I did the same thing when I was dating a vegetarian, only this is way better. WAY WAY BETTER. (Not just because of the food, but that's not the point of this post.)
It's just... you don't get much bacon in a vegetarian household. And I'm not okay with that.
Anyway, what this all means is that I've had to adapt some of my old favorites to fit the Paleo profile a little better. Jason's okay with not eating strictly Paleo, which is good, because butter is not Paleo, but there's really no substitute. Olive oil will work for most things, but there are some things where only butter will do.
I like butter a lot.
One of my favorite adaptations is my Paleo shepherd's pie. It's way better than the vegetarian version I tried to make once. I mean... come on. Shepherd's pie. 'Shepherd' as in 'herd of sheep = mutton on the hoof.' IT HAS TO HAVE MEAT. IT JUST DOES.

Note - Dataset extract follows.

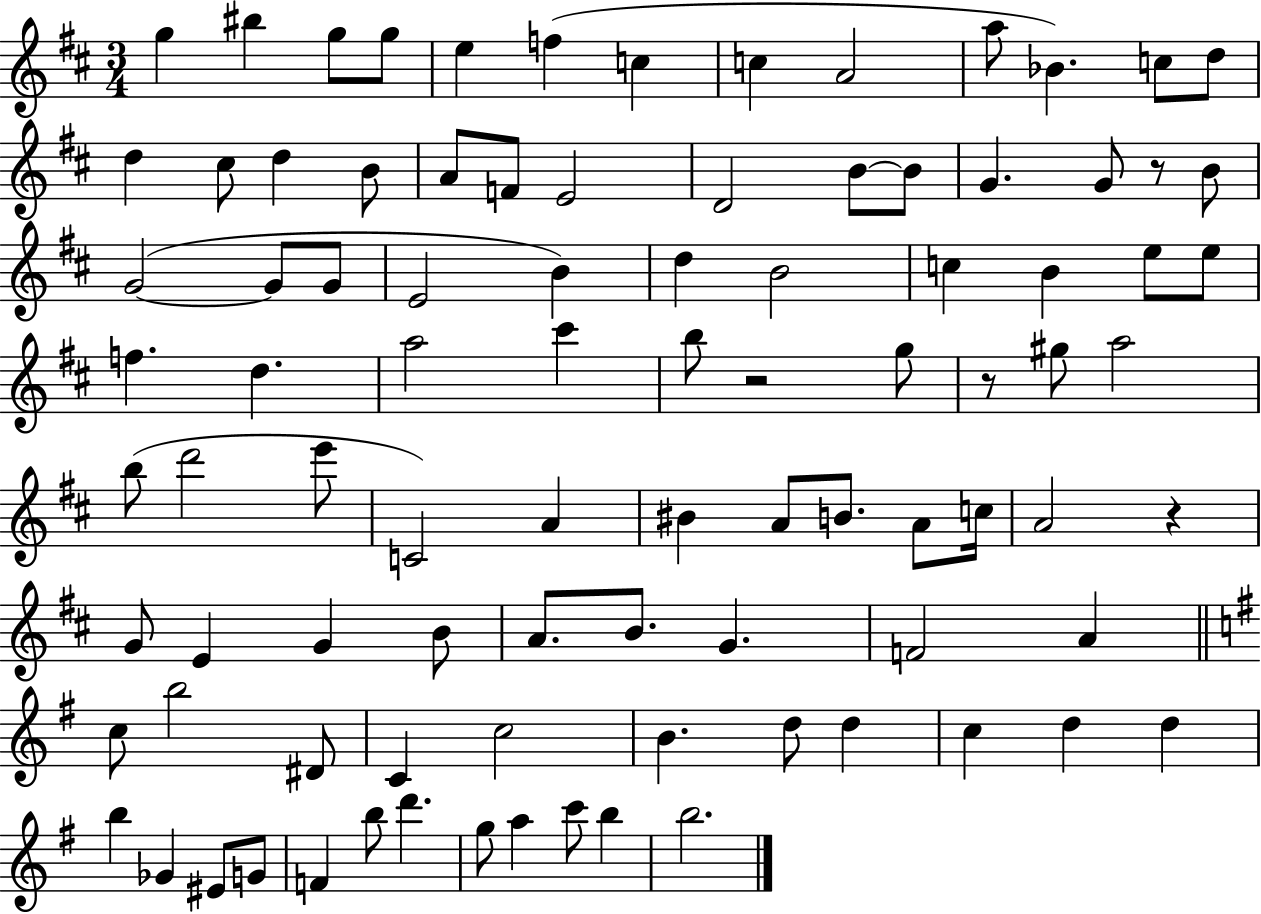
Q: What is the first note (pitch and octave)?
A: G5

So anyway. Start with some kind of ground meat and a chopped onion. This version was made with ground turkey, but seriously, any kind of ground animal will work. You'll also use a small can of tomato sauce and one of those wee tiny cans of tomato paste, just not right away. They just bombed this photo, that's all. (The papaya and the avocado bombed it too, but they're not involved tonight so please to ignore.)
|Chop chop. Love that knife. Hate the chopping board. IT SCOOTS. THIS IS NOT OKAY.|
Brown them together in a pan with a little olive oil, salt and pepper.
|Ground turkey looks gross until it's cooked. I mean really.|
Gather whatever frozen vegetables you have on hand (use fresh if you want, but make sure you chop them up small. Big chunks are obnoxious in shepherd's pie). I usually put in about a pound's worth, using whatever I have on hand. Tonight I used half a package each of frozen spinach and peas-and-carrots. (The peas are an example of not-strictly-Paleo, which is why I said you can use whatever.)
|If you don't have out-of-focus ones, that's okay. In-focus vegetables work too.|
Use whatever spices and seasonings you want. I don't like a lot of "heat" (I hate that word) so I use milder things. Black pepper, ground mustard, paprika, chili powder. And dried thyme.
|I love this picture. It's very 2001: A Space Odyssey. It needs a dramatic musical score or something.|
Hey, wanna see our spice rack?
|Yeah, it's pretty awesome.|
Once the meat and onions are thoroughly cooked, dump in the tomato sauce and paste, the veggies, and the seasonings. Stir it up and let it simmer until the veggies are cooked.
|Hot mess, kiddos. Delicious, hot mess.|
Now, the crowning glory (kind of literally). I actually start the topping first, but I wanted to save it because this, my friends, is what separates traditional shepherd's pie from my beloved Paleo version.
|OM NOM NOM NOM NOM|
Where the potatoes would go, use parsnips instead. GENIUS. Proceed just as you would for making mashed potatoes--give them a rough chop, cover them in water, and boil until they're soft and easily pierced with a fork. If you start boiling them first, by the time the hot mess is simmering, they'll be about ready to mash. I always put a bit of butter and a crapload of garlic in them (cheater garlic in a jar FTW), along with some salt and pepper.
|No, the pan's not dirty, that's just pepper stuck in the starch from the boiling water. IGNORE IT.|
Oh, and about that mashing? Old-school masher, all the way. Don't you dare use an electric beater. It's not necessary and it ruins the texture.
|I'M SERIOUS. NO MIXERS.|
Put the hot mess in a baking dish and top it with the mashed awesome.
|So close, kittens. So very close.|
Bake it in a 350 degree oven for about 15 minutes or so, just enough to slightly brown the parsnips and let the flavors blend. THEN DIG IN.
|Yes, there are only two of us. Why do you ask?|
So there it is! Sunday night dinner. Comfort food. Leftovers. Easy to make and very good for you. Who needs a box dinner full of crap and science? We don't, and neither do you.